This is a cross-post from my blog.

Artificial Intelligence safety researchers are concerned with the behaviour of “highly capable” AI systems. One of the challenges of this line of research is the fact that it’s hard to say, looking at today’s moderately capable AI systems, what highly capable systems will do or how they will work.

There are two intuitions that suggest understanding highly capable systems is particularly important for safety research:

  1. Highly capable AI systems could be very useful, so we expect that if they can be built they probably will be
  2. Highly capable AI systems raise much more serious safety concerns than less capable systems

This seems to make sense to me, but what does anyone actually mean by “highly capable”? I know Shane Legg and Marcus Hutter have had a go at understanding the related idea of “intelligence”: they collected many different definitions and proposed their own definition, which they informally summarise as

Intelligence measures an agent’s ability to achieve goals in a wide range of

I think this is a good definition, especially the more precise version Legg and Hutter offer later in their paper. It also does a good job of explaining the first intuition: A system with high intelligence can achieve many different goals in many environments. This means that a system that is very intelligent can achieve malign goals in environments where people are trying to stop it from doing so. This means that we want to be quite sure that the goals a highly capable system is pursuing are not malign, which is one of the major concerns of AI safety researchers.

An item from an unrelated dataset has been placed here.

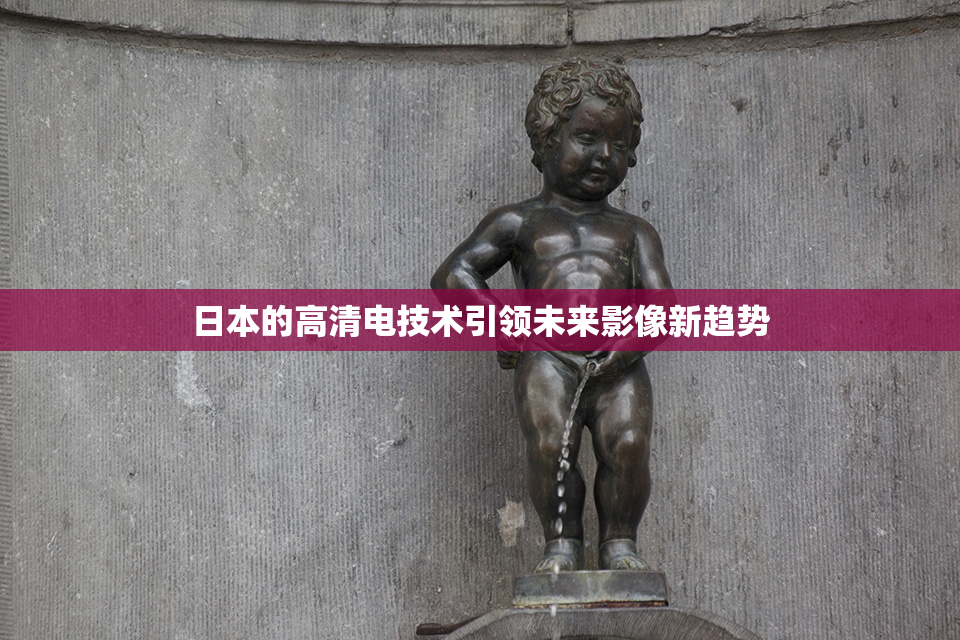 日本的高清电技术引领未来影像新趋势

It can also account, to some extent, for the first intuition: a system that can achieve many different goals can, presumably, do a better job of achieving our goals than a less intelligent system. However, in this case there is a gap in the argument: we have to assume that, because the system can achieve some goal that it is likely to achive our goals. That is: a more intelligent AI system is more useful if that intelligence can be controlled.

This matters because AI safety research is trying to come up with comptetitive proposal for highly capable AI systems that are both competitive with unsafe systems and safe. My proposal is that competitiveness is not just a function of intelligence (per Legg and Hutter), but of effectiveness, which can be roughly understood as “controllable intelligence”.

AI effectiveness

Hhighly effective AI systems are systems that are both highly intelligent and controllable (though maybe imperfectly so). I am not saying that highly effective systems are necessarily safe, just that, along with goal-achieving capabilities, control mechanisms are a critical part of AI systems, and we need to consider both if we want to understand what future systems might be capable of.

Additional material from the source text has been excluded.